A grieving widow discovers a most unexpected form of healing—hunting for mushrooms.

Long Litt Woon met Eiolf a month after arriving in Norway from Malaysia as an exchange student. They fell in love, married, and settled into domestic bliss. Then, Eiolf’s unexpected death at fifty-four left Woon struggling to imagine a life without the man who had been her partner and anchor for thirty-two years. Adrift in grief, she signed up for a beginner’s course on mushrooming—a course the two of them had planned to take together—and found, to her surprise, that the pursuit of mushrooms rekindled her zest for life.

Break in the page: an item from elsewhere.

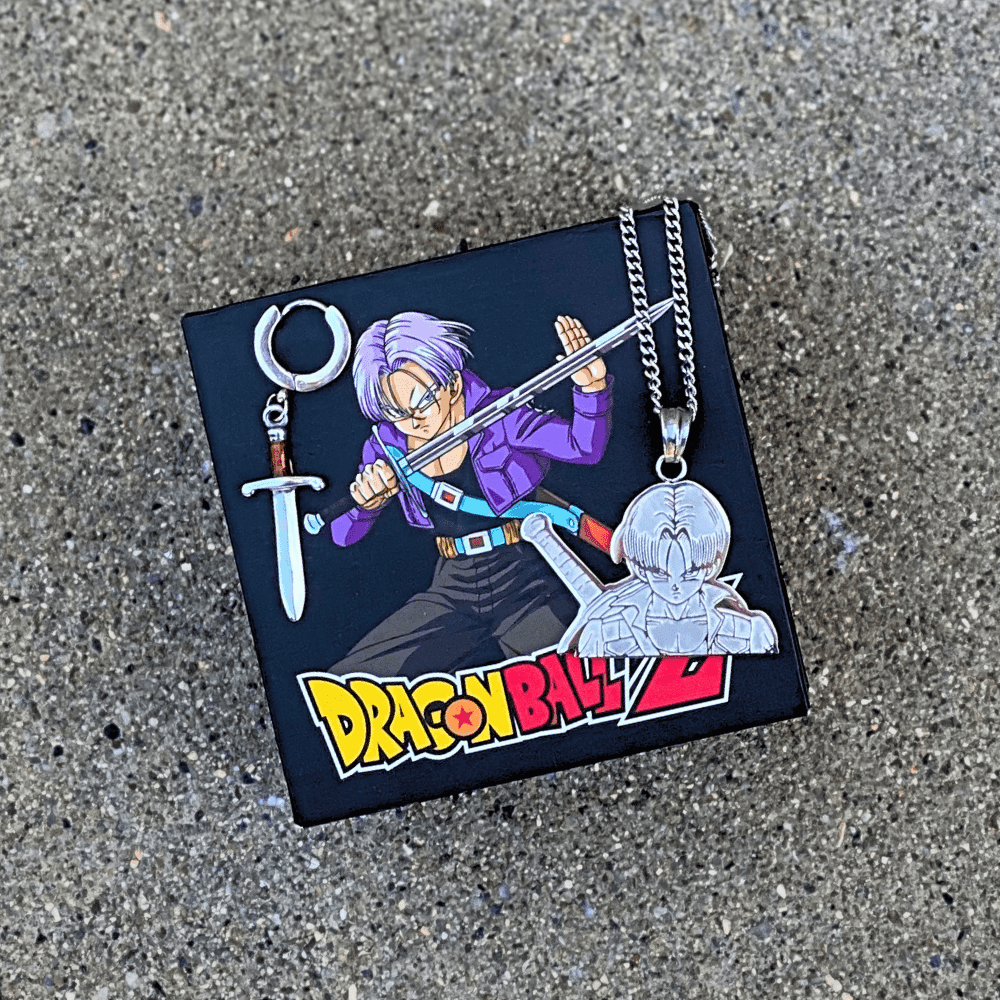 Dragon Ball Z™ Z Sword Earring - Chrome / Single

The Way Through the Woods tells the story of two parallel journeys: an inner one, through the landscape of mourning, and an outer one, into the fascinating realm of mushrooms—resilient, adaptable, dizzyingly diverse, and essential to nature’s cycles of death and rebirth. Woon’s search for mushrooms takes her from idyllic Norwegian forests and urban flower beds to the sandy beaches of Corsica and New York’s Central Park, uncovering an abundance of surprises often hidden in plain sight: gelatinous, straight-from-a-fairy-tale Witches’ Cauldrons; salmon-pink Bloody Milk Caps, which ooze red liquid when cut; delectable morels—prized for their earthy yet delicate flavor; and bioluminescent mushrooms that light up the forest at night.

Along the way, she discovers the warm fellowship of other mushroom obsessives, and finds that the act of giving her full attention to the natural world transforms her, opening a way for her to survive Eiolf’s death, to see herself anew, and to reengage with life.